++++ PROVIDED MATERIAL

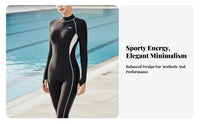 Full Coverage Swimsuit, Long Sleeve Zip Rash Guard, Sun Protection, Chest Pad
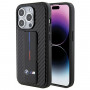 BMW BMHCP15LGSPCCK capa rígida Apple iPhone 15 Pro Grip Stand Smooth & Carbon, preta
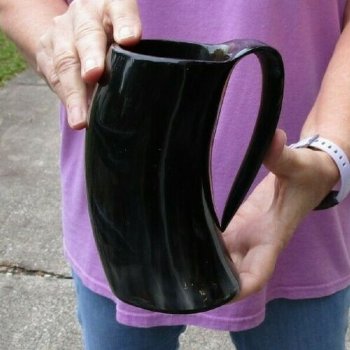 Polished Ox Horn Mug, Cow Horn Mug 6 inches tall. For sale for $24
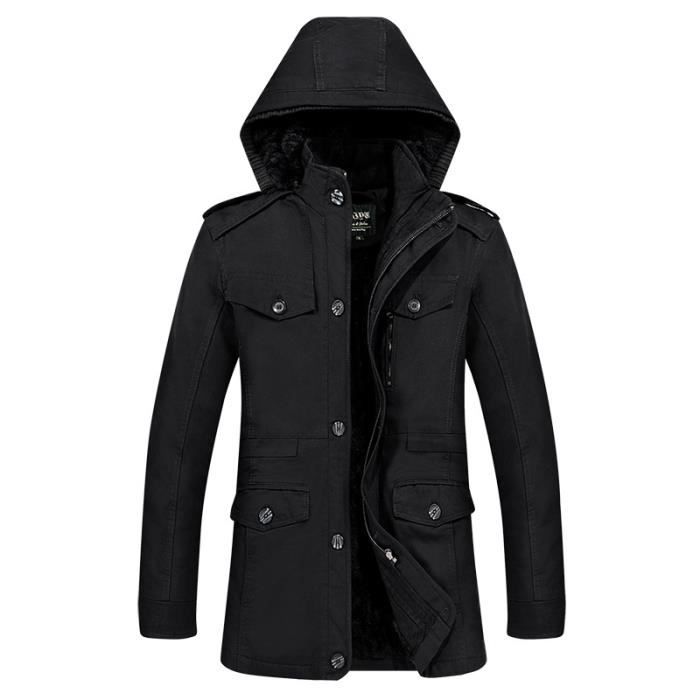 Manteau Matelassé Homme Crosshatch Mi-long à Capuche - Bleu - Taille S - Hiver Décontracté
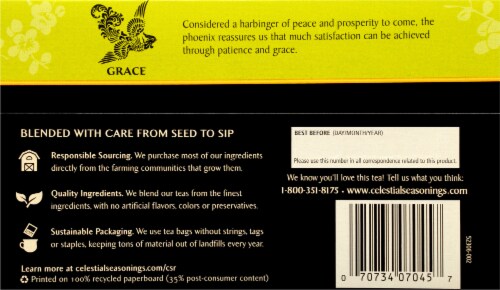Celestial Seasonings Decaf Mint Green Tea Bags Perspective: back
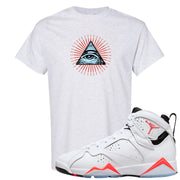 White Infrared 7s T Shirt | All Seeing Eye, Ash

++++++++

### WHAT THIS TASK INVOLVES
Write out again, word for word, the lines from the one holding "Polished Ox Horn" through the final line of the listing, including both ends but no pictures.

### COMPLETED TASK
 Polished Ox Horn Mug, Cow Horn Mug 6 inches tall. For sale for $24
 Manteau Matelassé Homme Crosshatch Mi-long à Capuche - Bleu - Taille S - Hiver Décontracté
Celestial Seasonings Decaf Mint Green Tea Bags Perspective: back
 White Infrared 7s T Shirt | All Seeing Eye, Ash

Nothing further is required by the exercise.